Anthony Dickenson is a professor of neuropharmacology at University College, London.

==Career==
Tony Dickenson was appointed to the Department of Pharmacology at University College in 1983. He conducted research into the mechanisms of pain and how pain can be controlled in both normal and patho-physiological conditions and how to translate basic science to the patient.

Dickenson has supervised more than 20 completed PhD students as well as contributing to undergraduate science and medical teaching. He is a founding and continuing member of the London Pain Consortium, a Wellcome Trust Integrated Physiology Initiative, which funds a group of scientists in London and Oxford studying pain mechanisms and educating young scientists in this field.

He has authored more than 330 refereed publications including Science and Nature, edited three books and written many chapters.

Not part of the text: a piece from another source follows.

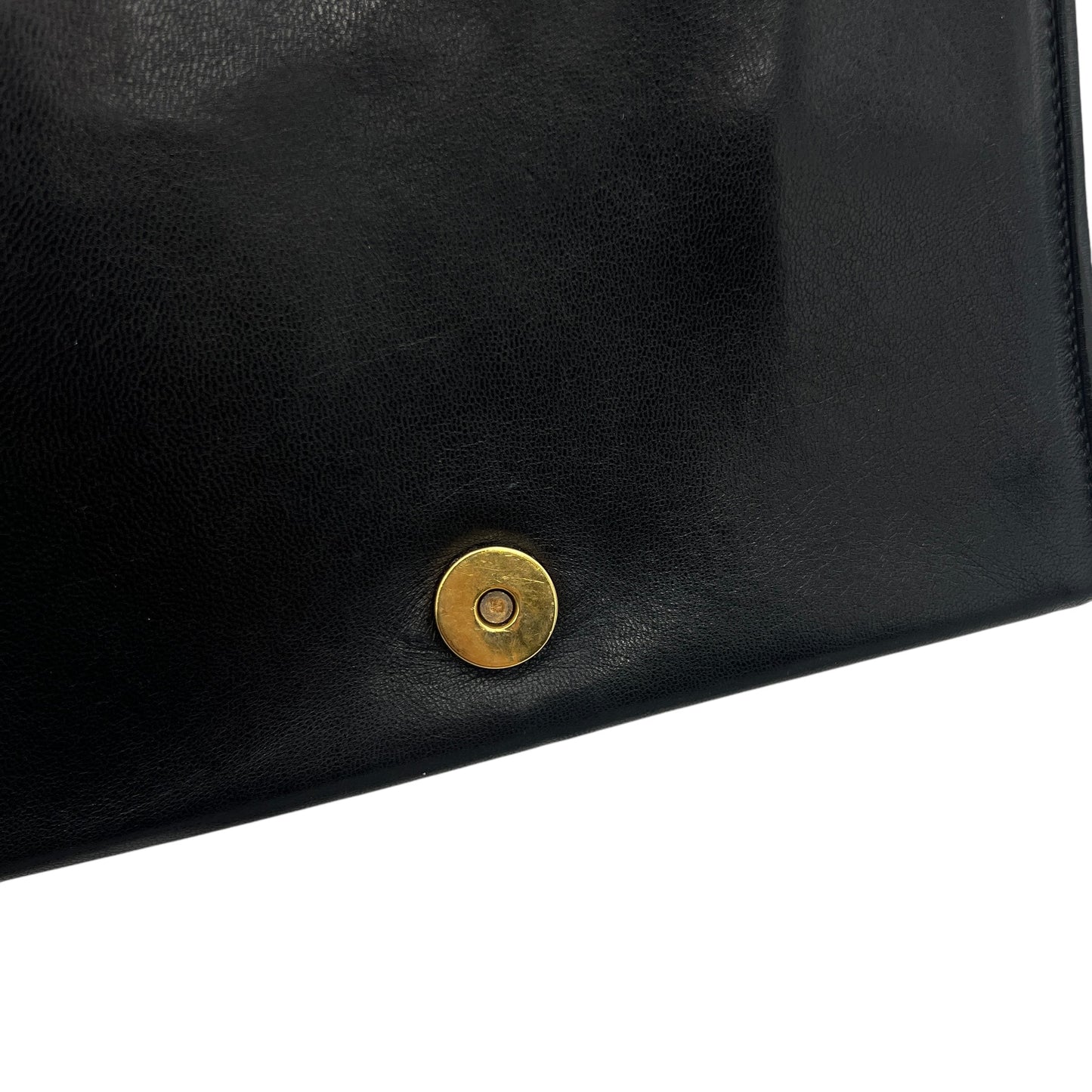 Vintage Shoulder Bag Black in Lambskin, Gold hardware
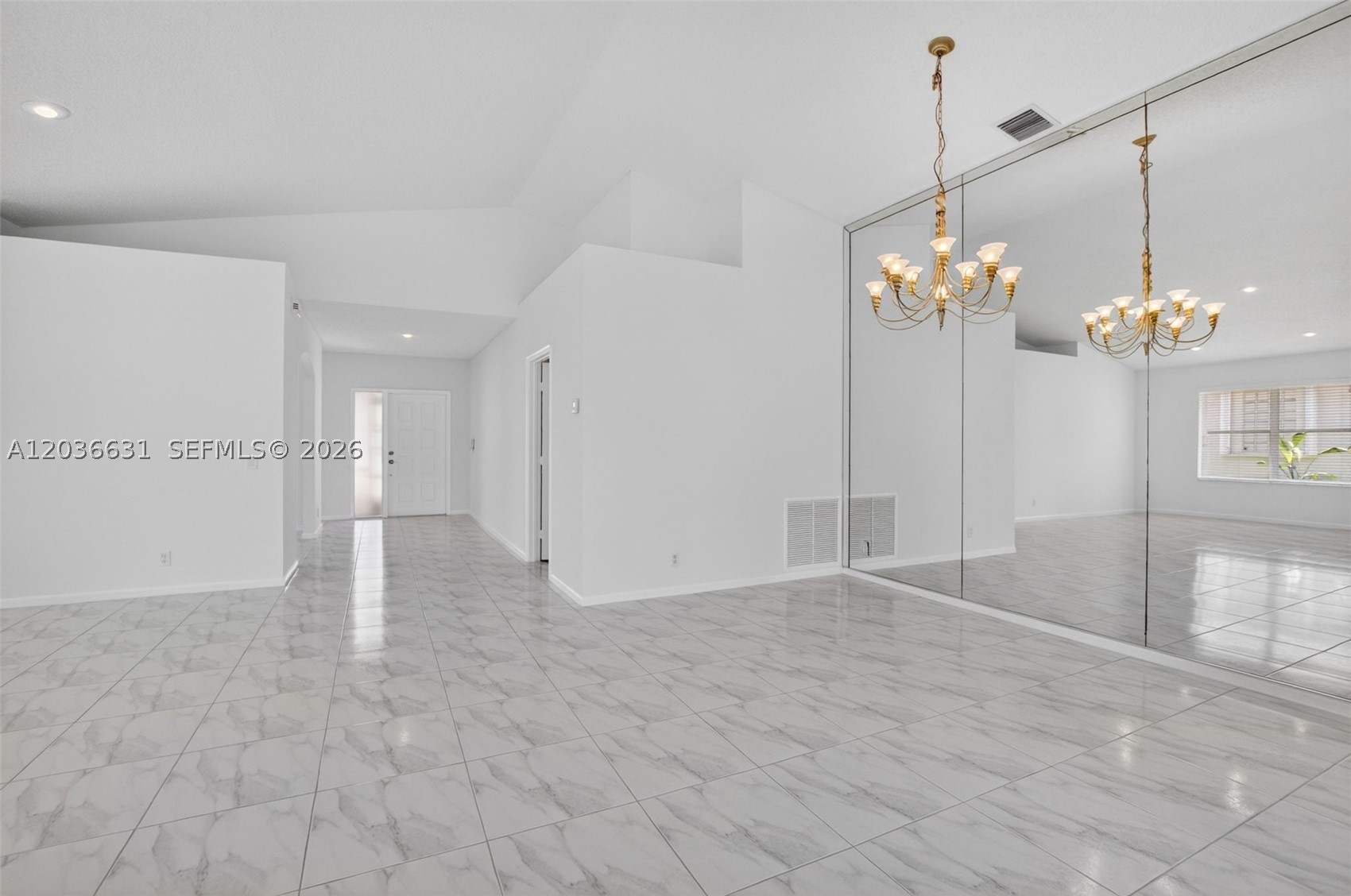 INDIAN HILLS 1 - Residential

He has also been quoted in the media and in magazine articles as an expert on pain remediation.

Dickenson was elected a Fellow of the Academy of Medical Sciences in 2007.

==Research ==
At UCL, the focus of his group's research has been based on understanding the transmission and control of pain, how neuronal systems alter in pathophysiological states and how novel and licensed drugs produce their effects with the aim of translating the basic research into clinical applications.

Early studies described the neuronal basis of Diffuse Noxious Inhibitory controls (DNIC). Tony's group was also the first to show the NMDA receptor mediation of wind-up and its role in persistent pain. Continuing work on central hyperexcitability has been seminal in understanding of pain in animals and humans.

Studies include collaborations with Prof Frank Porreca of the Department of Pharmacology at the University of Arizona, investigating opioid pathways; collaborations with Prof John Wood of the Molecular Nociception Group, examining tissue specific deletion of targets and studies with Prof Annette Dolphin involving the role of voltage-dependent Ca^{2+} channels in pathological states.